======== DATASET RECORDS ========

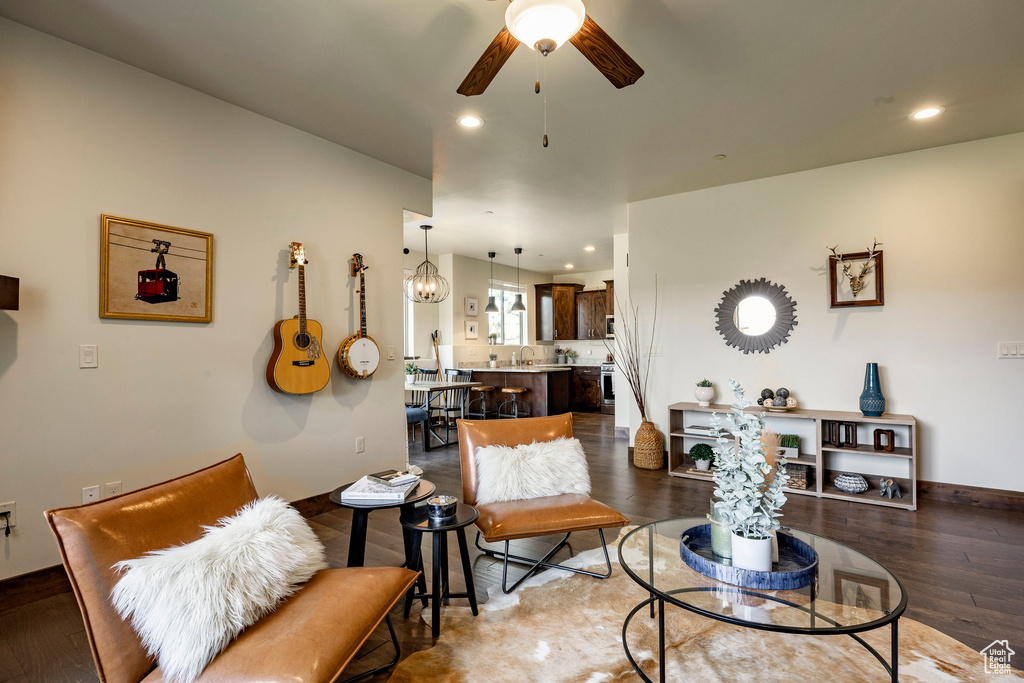 Living room featuring a ceiling fan, wood finished floors, and recessed lighting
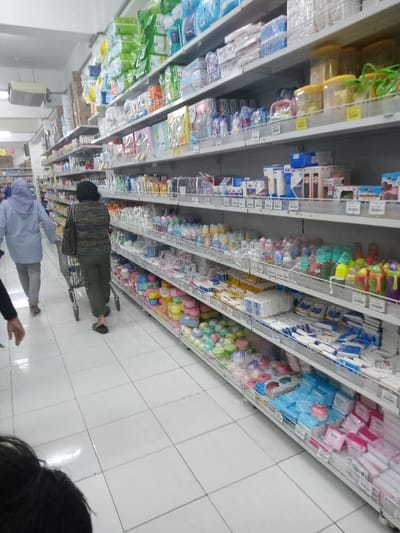 The image displays the interior of a brightly lit supermarket aisle in Nganjuk, Indonesia. The perspective looks down the length of the aisle, with multi-tiered metal shelving units lining the right side. These shelves are heavily stocked with various products, including numerous brands of diapers, baby bottles, pacifiers, baby wipes, small colorful plastic containers, and other personal care items, many with visible price labels.
Three individuals are present. In the lower-left foreground, the crown of a dark-haired person's head and a partial shoulder are visible. Approximately midway down the aisle, a person wearing a dark striped long-sleeved top, dark green cargo pants, and dark flip-flops walks away from the camera, pushing a silver shopping cart. Further ahead, a third individual, dressed in a light blue long-sleeved top, a light purple hijab, and grey pants, also walks away from the camera.
The floor is a clean, white tiled surface with dark grout lines. The scene is illuminated by overhead fluorescent lighting, and a white ventilation or air conditioning unit is visible mounted high on the left wall/ceiling junction.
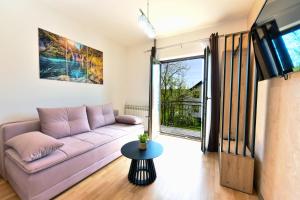 sala de estar con sofá púrpura y puerta corredera de cristal en Apartments Patar, en Grabovac
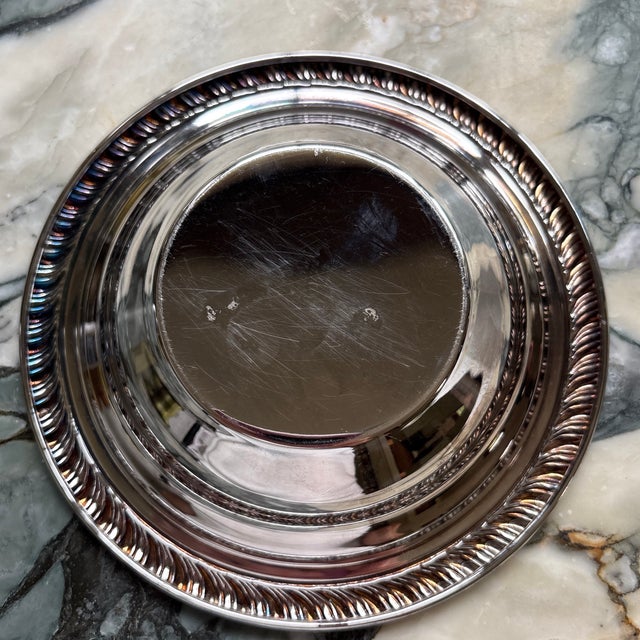 Vintage silver plate dish measuring 6.5” Diameter and 1.5” high. Rope edge rim. Not marked. Cute little catch all dish or...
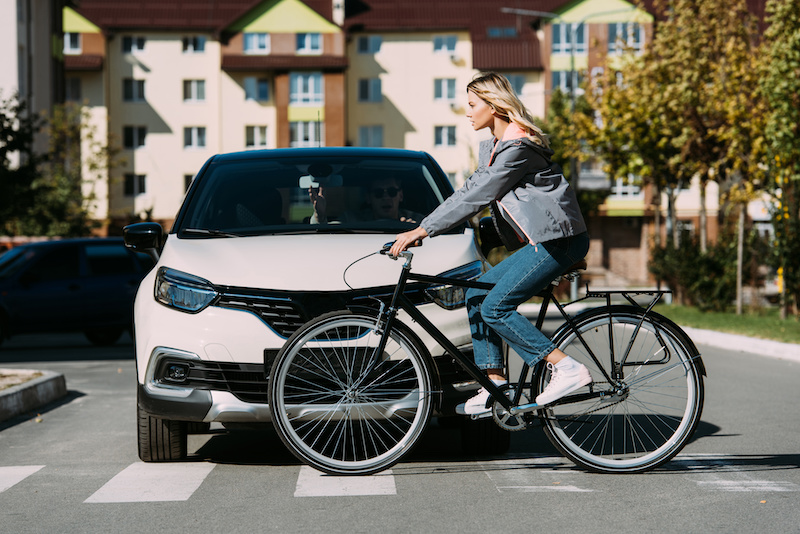 woman riding bicycle while crossing road with driver in car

========

## [THE TASK]
Go to the line containing "The floor is", then write out word for word every line from there to the end of the listing. Keep both end lines and drop the pictures.

## [TASK ANSWER]
The floor is a clean, white tiled surface with dark grout lines. The scene is illuminated by overhead fluorescent lighting, and a white ventilation or air conditioning unit is visible mounted high on the left wall/ceiling junction.
 sala de estar con sofá púrpura y puerta corredera de cristal en Apartments Patar, en Grabovac
 Vintage silver plate dish measuring 6.5” Diameter and 1.5” high. Rope edge rim. Not marked. Cute little catch all dish or...
 woman riding bicycle while crossing road with driver in car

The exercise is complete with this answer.